Tracing crustal recycling using the acoustic signature of calcium perovskite

Institute of Geophysics and Tectonics seminar. Speaker Andy Thompson, University College London.

The travel times of seismic waves through Earth’s interior provide one of the few direct constraints on the physical properties of mantle rocks. If carefully compared with experimental and computational measurements of the elastic properties of minerals this data may be interpreted in terms of mantle mineralogy, chemistry and temperature; information that is not otherwise directly attainable. Calcium silicate perovskite (capv) is believed to be the third most abundant mineral in Earth’s deep mantle, constituting ~ 10 % of pyrolite or up to ~ 30 % of subducted basalt at lower mantle conditions. However, predictions of vp and vs from computational studies vary by ~ 25% and disagree with experimental measurements made at room temperature. There have been no published experimental measurements of capv’s acoustic velocities at mantle conditions (high P and T), and it is apparent that the elastic properties of capv are currently uncertain and are insufficient for the reliable interpretation of seismic data.

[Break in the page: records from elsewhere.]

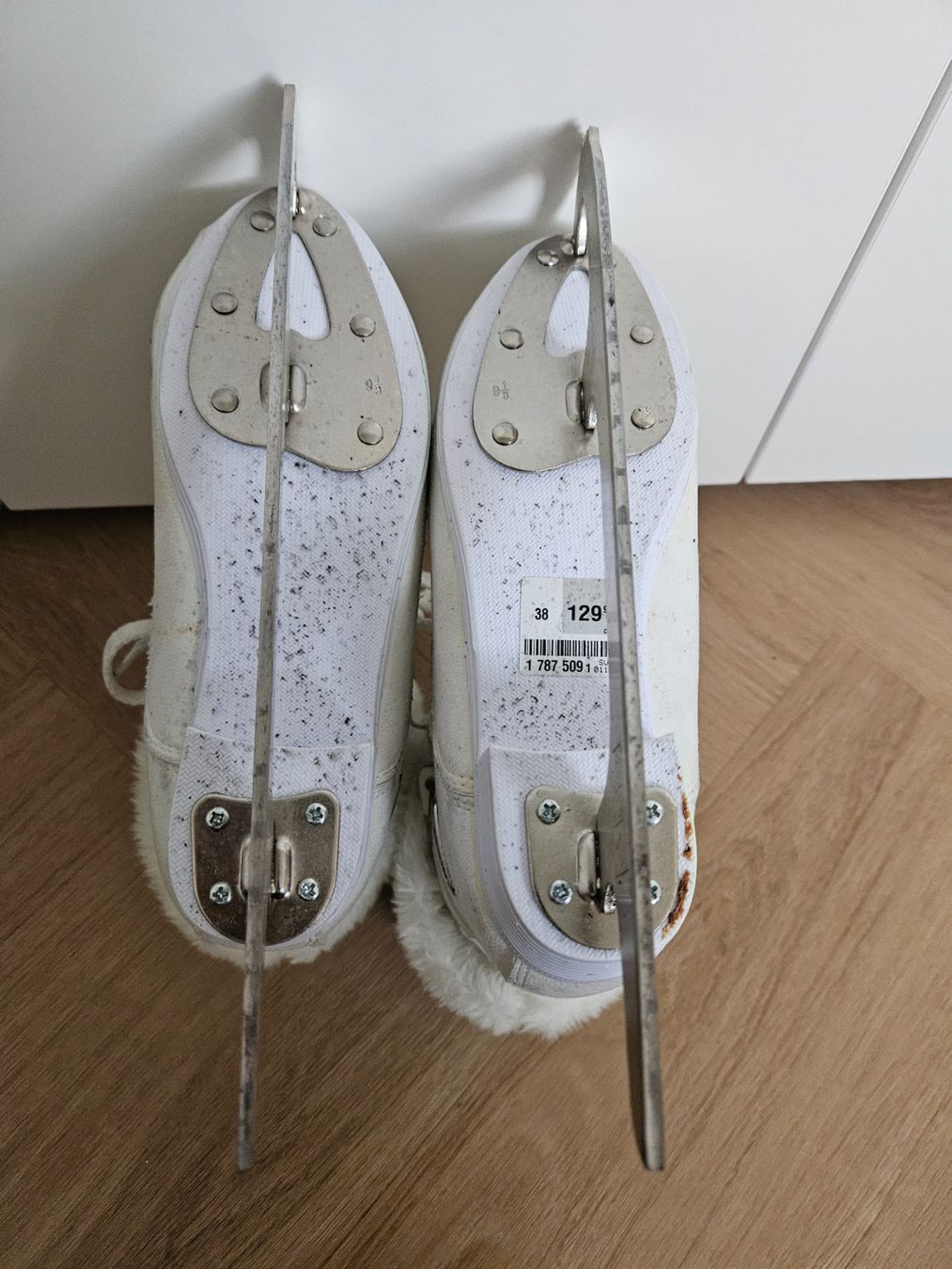 Pattini da ghiaccio: Damen Schlittschuhe Grösse 38 – Usato da Balzers venduto da Mueggelin 1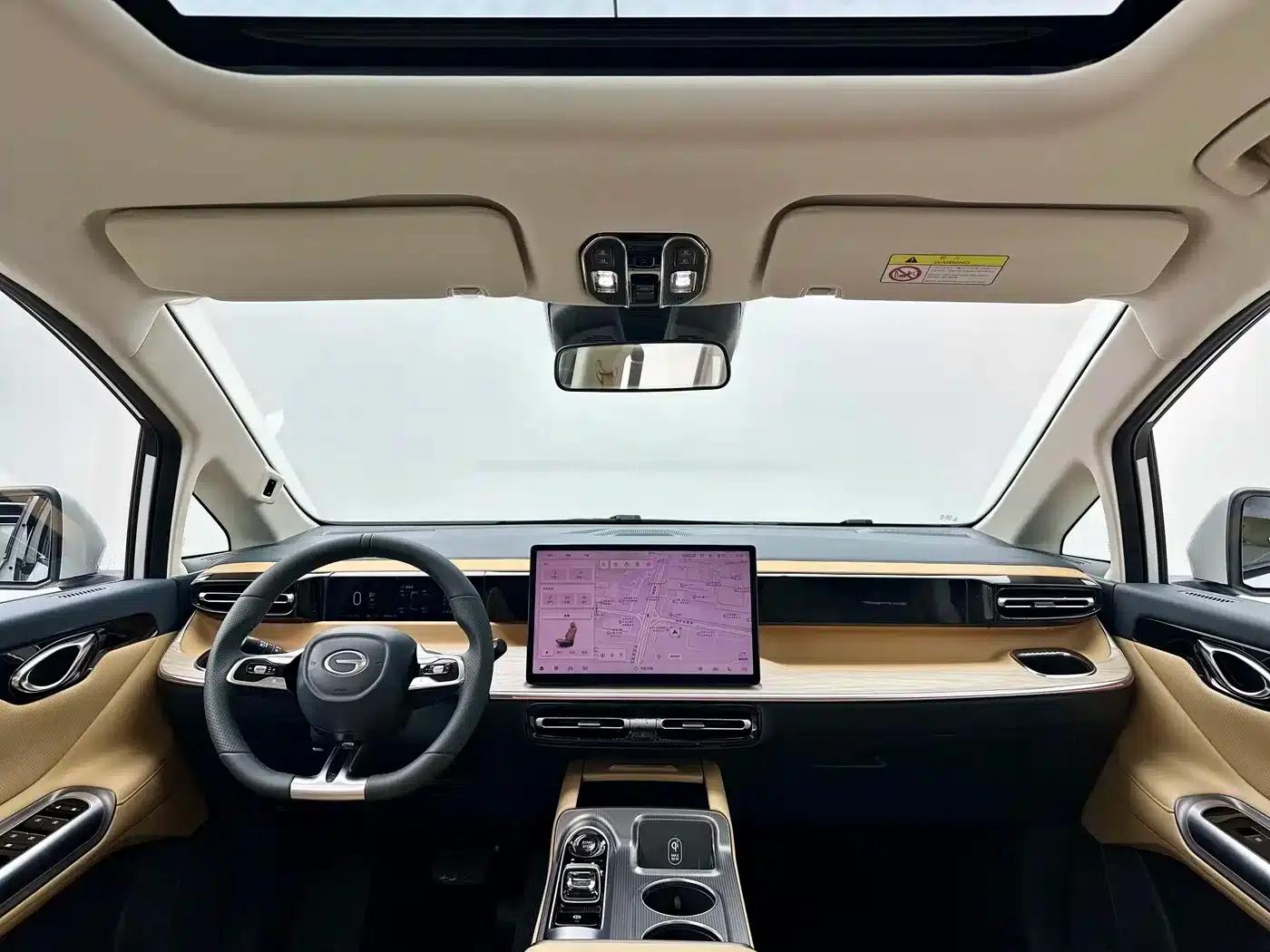Trumpchi E8 PHEV 2024 Model 150km Dragon Glory Edition — миниатюра 6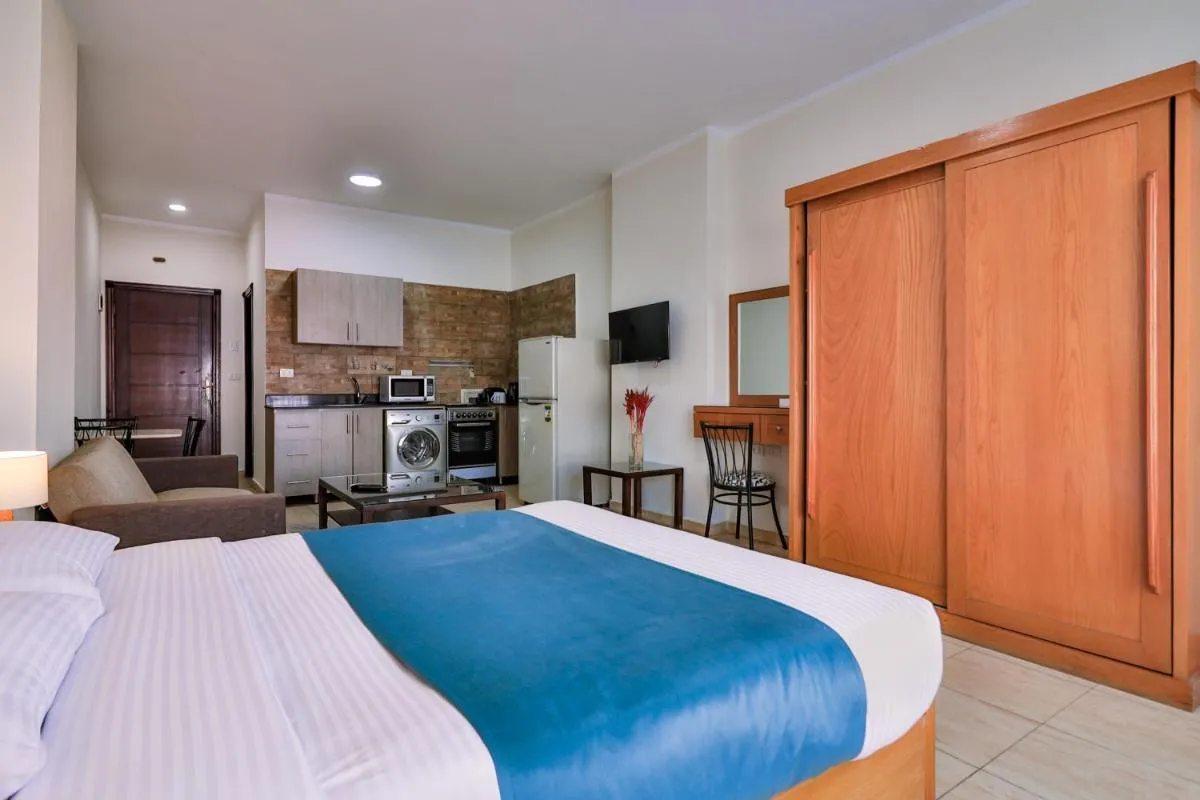 Image 4 of Delmar Apartments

We have performed synchrotron multi-anvil experiments to simultaneously measure the crystallography and acoustic velocity of Ca[SixTi1-x]O3 samples at conditions extending to ~ 15 GPa and 1700 K. We have observed that acoustic waves travel through polycrystalline calcium perovskite samples significantly slower than is predicted in computational studies, and that calcium perovskite undergoes structural distortions that cause large changes in acoustic properties. When extrapolated via thermodynamically consistent equations of state, our results suggest subducted oceanic crust will be visible as a negative velocity anomaly throughout the lower mantle. The large low-velocity provinces (LLVPs) likely result from moderate enrichment of recycled crust, and mid-mantle discontinuities can be well explained by a tetragonal-cubic phase transition in calcium perovskite.